Top of Records supplied
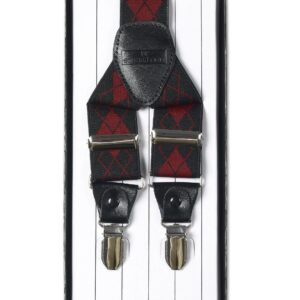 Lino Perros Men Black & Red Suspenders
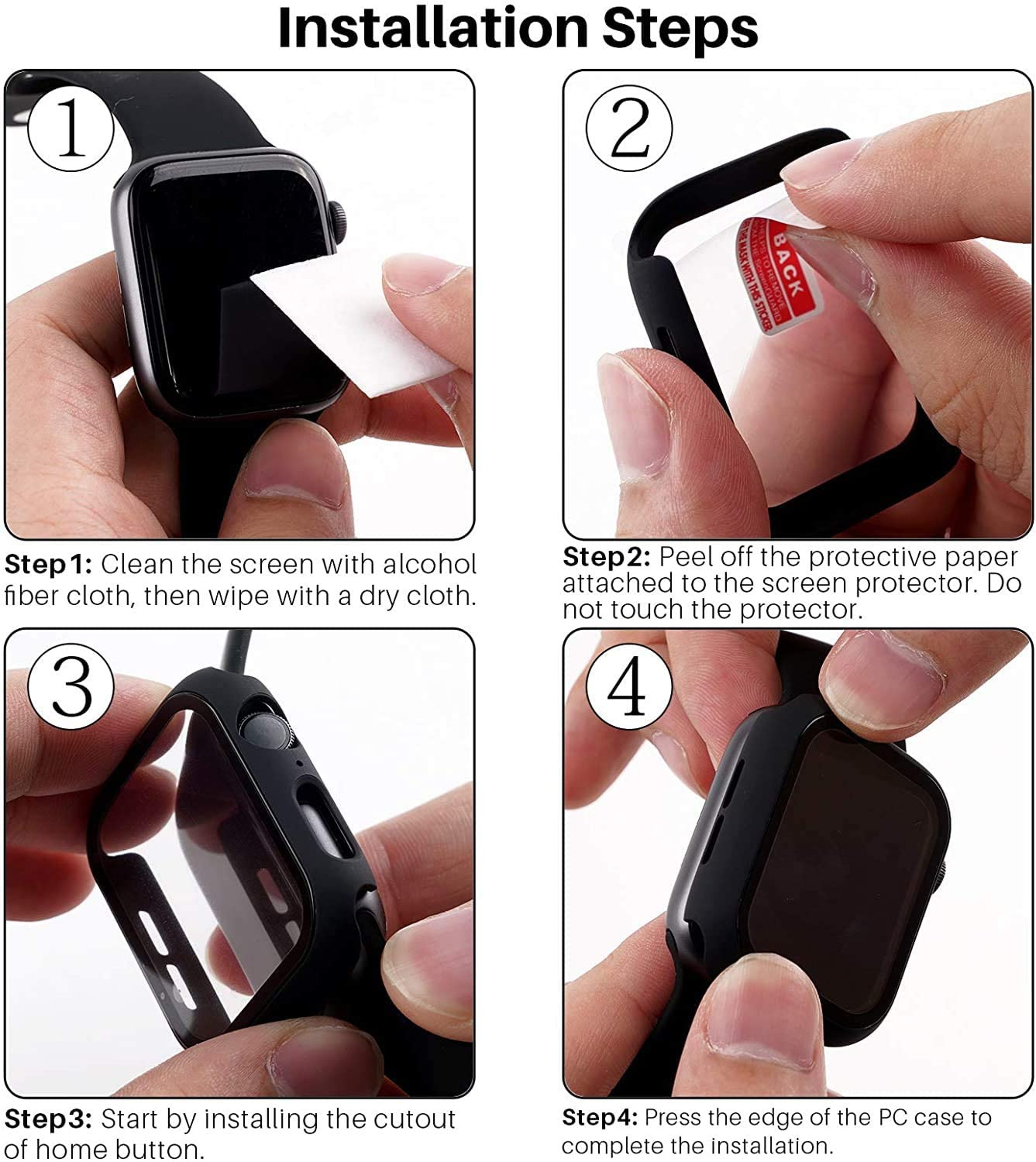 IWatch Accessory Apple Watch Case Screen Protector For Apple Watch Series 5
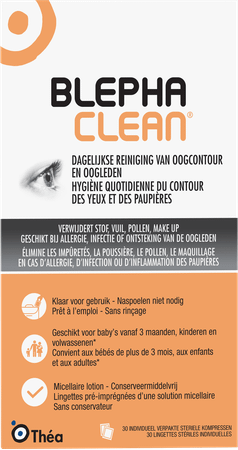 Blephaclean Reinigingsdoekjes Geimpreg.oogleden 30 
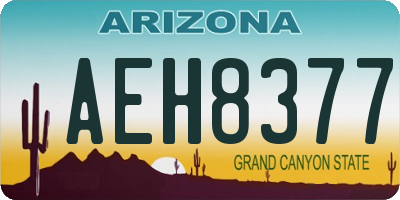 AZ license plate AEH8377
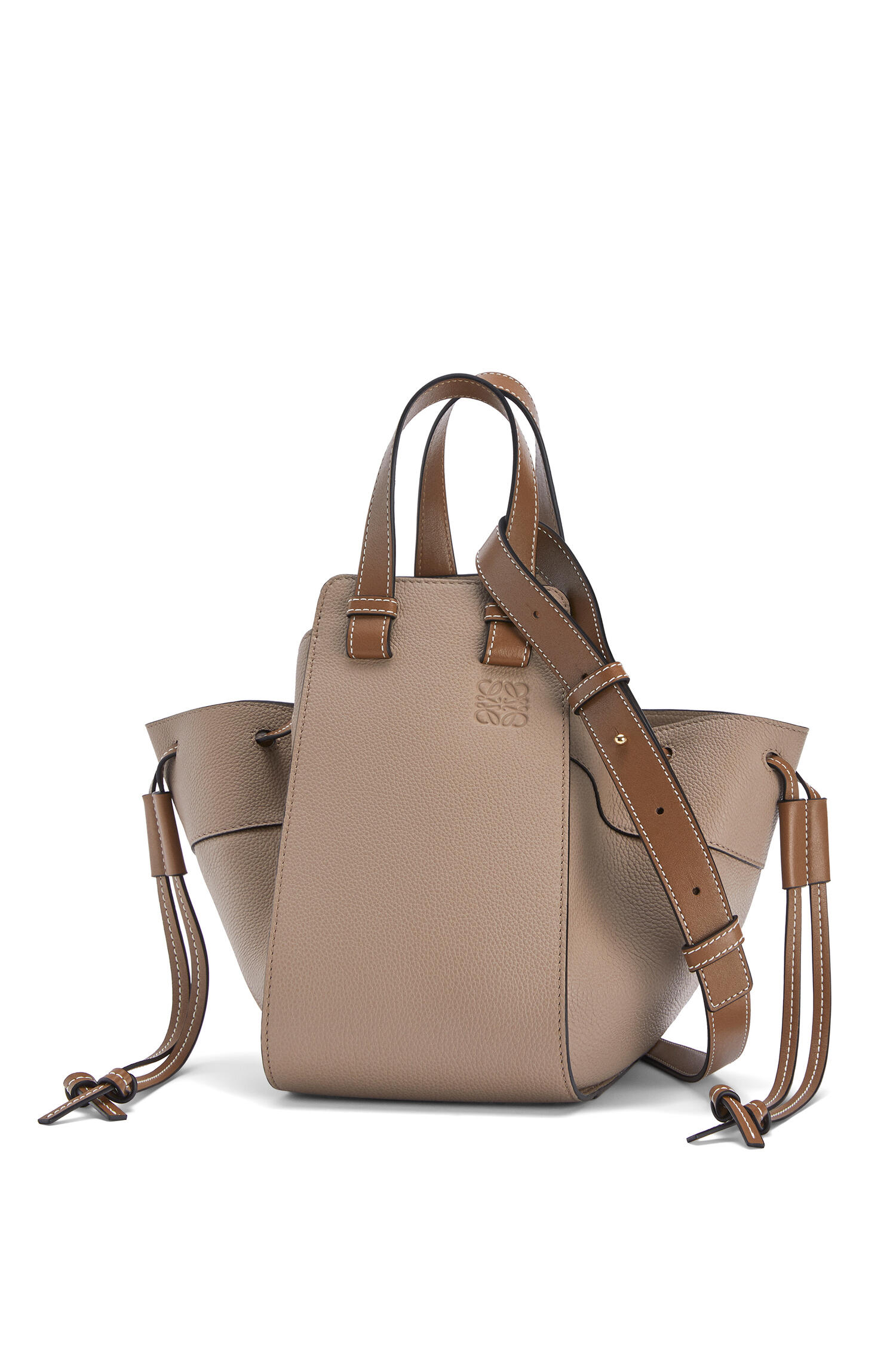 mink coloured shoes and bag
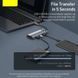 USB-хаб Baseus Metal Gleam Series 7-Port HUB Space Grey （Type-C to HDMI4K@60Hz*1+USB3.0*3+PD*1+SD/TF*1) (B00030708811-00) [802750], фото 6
Bottom of Records supplied
Top of Records supplied
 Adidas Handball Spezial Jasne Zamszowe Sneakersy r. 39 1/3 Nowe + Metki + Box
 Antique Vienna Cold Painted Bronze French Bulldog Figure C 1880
Bottom of Records supplied
What to do ▸
In the listing above, find the line holding "Blephaclean Reinigingsdoekjes Geimpreg.oogleden" and the line holding "USB-хаб Baseus Metal". Reproduce those two lines and all between them exactly, leaving out pictures.

Written reply ▸
 Blephaclean Reinigingsdoekjes Geimpreg.oogleden 30 
 AZ license plate AEH8377
 mink coloured shoes and bag
 USB-хаб Baseus Metal Gleam Series 7-Port HUB Space Grey （Type-C to HDMI4K@60Hz*1+USB3.0*3+PD*1+SD/TF*1) (B00030708811-00) [802750], фото 6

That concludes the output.